All baseline models achieved good results in both naturalness and speaker similarity assessment. However, the end-to-end TTS model often suffers from the robustness issue, such as repeating, skipping words, etc. In this section, we further conduct robustness analysis to check their performance.

We analyzed the synthesized speech in terms of six classes: (1) repetitive words, words that repeat speech in the sentence; (2) skipped words, words that were missing from the sentence, and skipped directly over words that were not spoken; (3) mispronunciation words, words that were spoken but mispronounced in the sentence; (4) incomplete words, words that are pronounced correctly in a sentence but are incomplete; (5) long pauses, an unusually long pause in a sentence; and (6) non-verbal sounds, other sounds in the sentence that are not verbal. The length of the text to be synthesized was set at 13 words, as either too long or too short sentences would not accurately reflect the synthesis. We synthesized 50 speech items for each speaker from the test set, and randomly selected 20 of them for robustness analysis. Finally, we invited five native Mongolian volunteers to evaluate the synthesized speech for six errors.

The final statistical results are shown in

Table 4. Error types found in the 50-sentence test set (Total number of words is 500).

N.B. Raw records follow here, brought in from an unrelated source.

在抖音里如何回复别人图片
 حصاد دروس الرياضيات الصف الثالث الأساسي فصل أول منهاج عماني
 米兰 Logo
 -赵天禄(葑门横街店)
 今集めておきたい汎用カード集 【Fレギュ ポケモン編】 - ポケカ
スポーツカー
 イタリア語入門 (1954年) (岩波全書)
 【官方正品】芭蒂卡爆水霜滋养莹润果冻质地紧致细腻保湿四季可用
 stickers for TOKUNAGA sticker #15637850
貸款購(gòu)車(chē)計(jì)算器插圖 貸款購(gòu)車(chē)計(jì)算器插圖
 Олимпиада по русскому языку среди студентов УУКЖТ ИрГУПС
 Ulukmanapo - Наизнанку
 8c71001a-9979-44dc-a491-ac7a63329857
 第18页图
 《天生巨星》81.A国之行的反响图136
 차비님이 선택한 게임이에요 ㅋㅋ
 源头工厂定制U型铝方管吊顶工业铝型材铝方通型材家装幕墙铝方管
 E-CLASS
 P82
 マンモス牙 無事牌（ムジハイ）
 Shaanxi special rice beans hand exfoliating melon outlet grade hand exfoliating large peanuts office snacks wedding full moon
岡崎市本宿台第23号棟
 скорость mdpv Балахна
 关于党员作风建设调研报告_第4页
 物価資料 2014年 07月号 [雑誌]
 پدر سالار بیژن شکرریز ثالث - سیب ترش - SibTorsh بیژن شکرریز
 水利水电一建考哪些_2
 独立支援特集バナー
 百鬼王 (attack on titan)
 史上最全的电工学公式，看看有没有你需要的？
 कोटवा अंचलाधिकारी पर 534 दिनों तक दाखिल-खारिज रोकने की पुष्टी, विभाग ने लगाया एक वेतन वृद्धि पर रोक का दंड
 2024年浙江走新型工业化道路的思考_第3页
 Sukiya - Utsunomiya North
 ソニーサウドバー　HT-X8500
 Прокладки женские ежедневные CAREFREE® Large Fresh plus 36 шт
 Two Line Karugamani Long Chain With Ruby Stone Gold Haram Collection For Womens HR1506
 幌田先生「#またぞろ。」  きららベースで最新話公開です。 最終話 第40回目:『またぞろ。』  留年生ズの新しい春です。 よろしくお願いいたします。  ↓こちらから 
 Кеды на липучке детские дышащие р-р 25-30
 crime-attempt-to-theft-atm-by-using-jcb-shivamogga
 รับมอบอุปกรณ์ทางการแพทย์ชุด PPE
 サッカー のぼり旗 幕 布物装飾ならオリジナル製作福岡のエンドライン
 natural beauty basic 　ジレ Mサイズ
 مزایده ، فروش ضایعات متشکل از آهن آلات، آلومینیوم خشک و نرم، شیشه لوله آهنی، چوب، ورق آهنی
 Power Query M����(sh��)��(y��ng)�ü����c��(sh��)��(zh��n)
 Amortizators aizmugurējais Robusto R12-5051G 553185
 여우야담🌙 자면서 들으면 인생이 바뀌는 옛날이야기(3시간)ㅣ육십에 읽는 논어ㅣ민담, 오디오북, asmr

System	Error Types	F1	F2	F3
FastSpeech2+HiFi-GAN	Repeated words	3	1	1
	Skipped words	0	0	0
	Mispronounced words	1	2	1
	Incomplete words	1	2	1
	Long pauses	0	2	0
	Nonverbal sounds	1	2	0
	Total	6	9	3
VITS	Repeated words	1	2	1
	Skipped words	0	0	0
	Mispronounced words	1	2	1
	Incomplete words	0	1	1
	Long pauses	0	3	0
	Nonverbal sounds	0	2	0
	Total	2	10	3

. For FastSpeech2+HiFi-GAN, the speech samples of F1, F2, and F3 produced six, nine, and three errors in total, respectively. The VITS model also produced 2, 10, and 3 errors for F1, F2, and F3. The difference between the two models was not significant for F2 and F3, except for F1 where the number of errors was significantly lower than that of FastSpeech2+HiFi-GAN. It is worth noting that the speech samples of F2 produce more errors than F1 and F3 for both models. The main reason may be due to the data distribution again. For the F2 dataset, from Figure 2b we can find that the length distribution was not concentrated. There were more sentences with improper length, that were too short and too long, than the other two speakers. Therefore, it will lead to long speech samples, such as 13 words, in the test set of F2, making it easier to produce errors. In conclusion, the robustness analysis shows that our MnTTS2 can be used to build robust TTS systems to some extent.

5. Conclusions

We present a large-scale, open-source Mongolian text-to-speech corpus, MnTTS2, which enriches MnTTS with more duration, topics, and speakers. Releasing our corpus under a Knowledge Attribution 4.0 international license, the corpus allows both academic and commercial use. We described the process of building the corpus and validated the usability of the corpus using the FastSpeech2 with HiFi-GAN vocoder and VITS as the baseline models in detail. The experimental results show that our system can achieve satisfactory performance on MnTTS2, indicating that the MnTTS2 corpus is practically usable and can be used to build robust multi-lingual TTS systems. In future work, we will introduce sentiment TTS datasets to further enrich our corpus. We also plan to compare the effects of different TTS architectures and model hyperparameters on the results and conduct subsequent analyses.